### DATA RECORDS

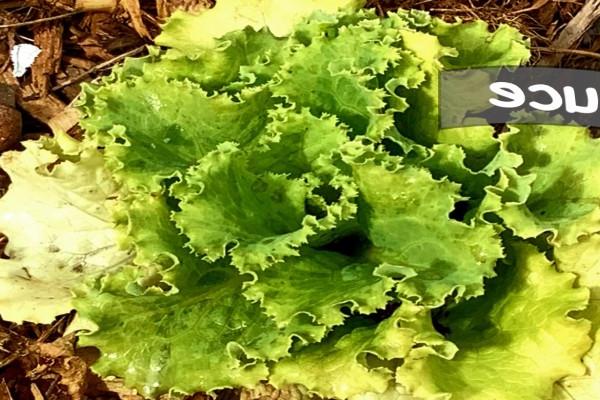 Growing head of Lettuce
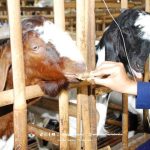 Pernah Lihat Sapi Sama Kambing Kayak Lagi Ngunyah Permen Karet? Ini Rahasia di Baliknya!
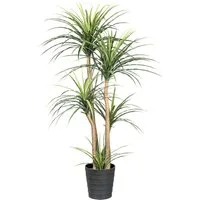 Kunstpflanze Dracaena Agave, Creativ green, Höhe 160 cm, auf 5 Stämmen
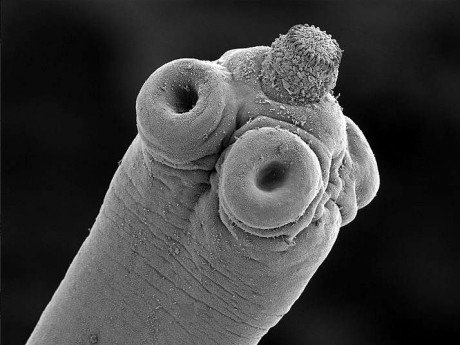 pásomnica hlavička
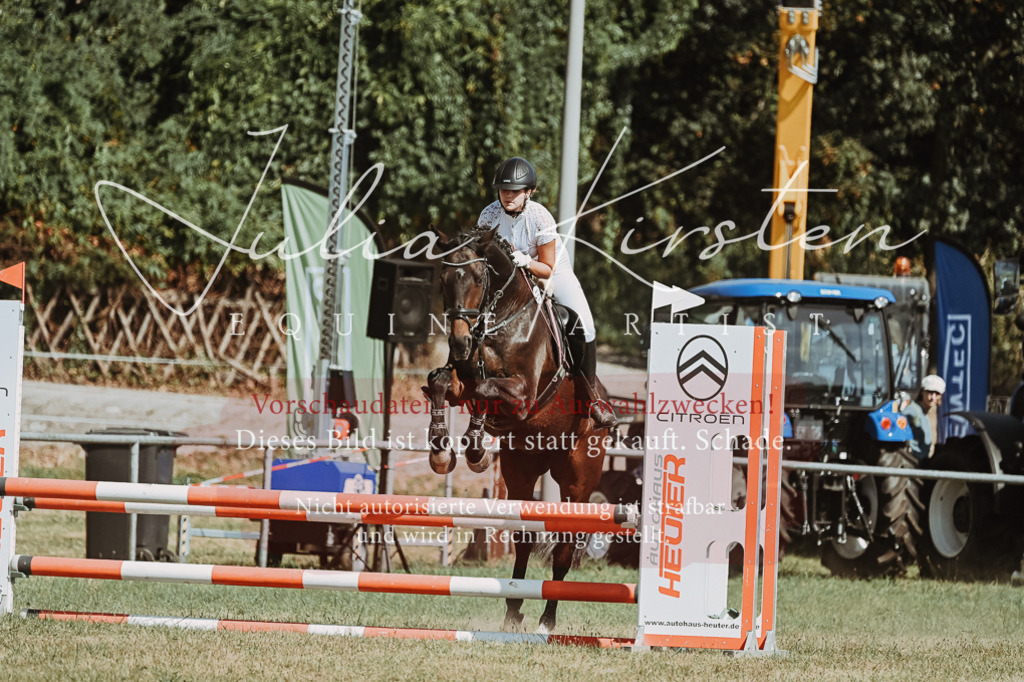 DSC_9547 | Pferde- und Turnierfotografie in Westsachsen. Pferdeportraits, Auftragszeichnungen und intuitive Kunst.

* * *

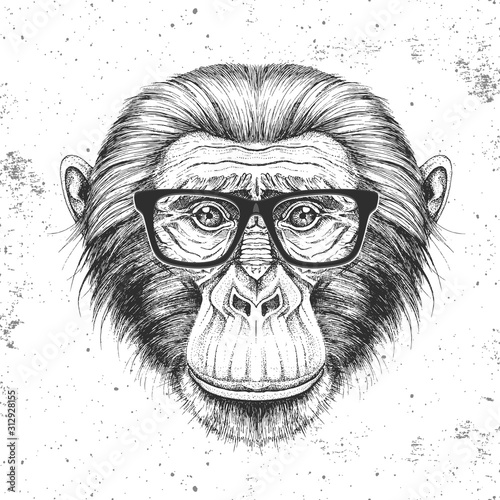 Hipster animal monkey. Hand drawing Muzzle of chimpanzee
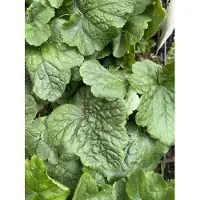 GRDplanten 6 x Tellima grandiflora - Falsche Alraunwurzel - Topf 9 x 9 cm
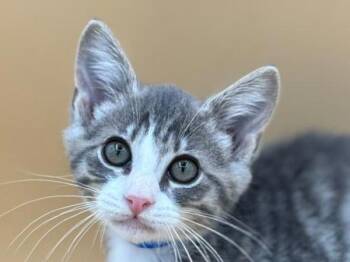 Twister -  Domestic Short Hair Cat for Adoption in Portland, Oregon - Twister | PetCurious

---

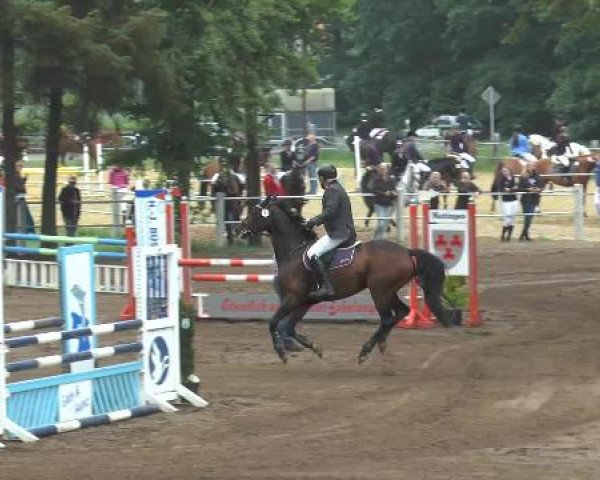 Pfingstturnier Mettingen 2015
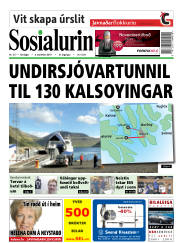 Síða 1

### AIM OF THE TASK
Treat the line with "Growing head of Lettuce" as the start and the line with "DSC_9547 | Pferde- und" as the end, and return exactly that span of the data above, both ends included, without pictures.

### ANSWER TO THIS EXERCISE
 Growing head of Lettuce
 Pernah Lihat Sapi Sama Kambing Kayak Lagi Ngunyah Permen Karet? Ini Rahasia di Baliknya!
 Kunstpflanze Dracaena Agave, Creativ green, Höhe 160 cm, auf 5 Stämmen
 pásomnica hlavička
 DSC_9547 | Pferde- und Turnierfotografie in Westsachsen. Pferdeportraits, Auftragszeichnungen und intuitive Kunst.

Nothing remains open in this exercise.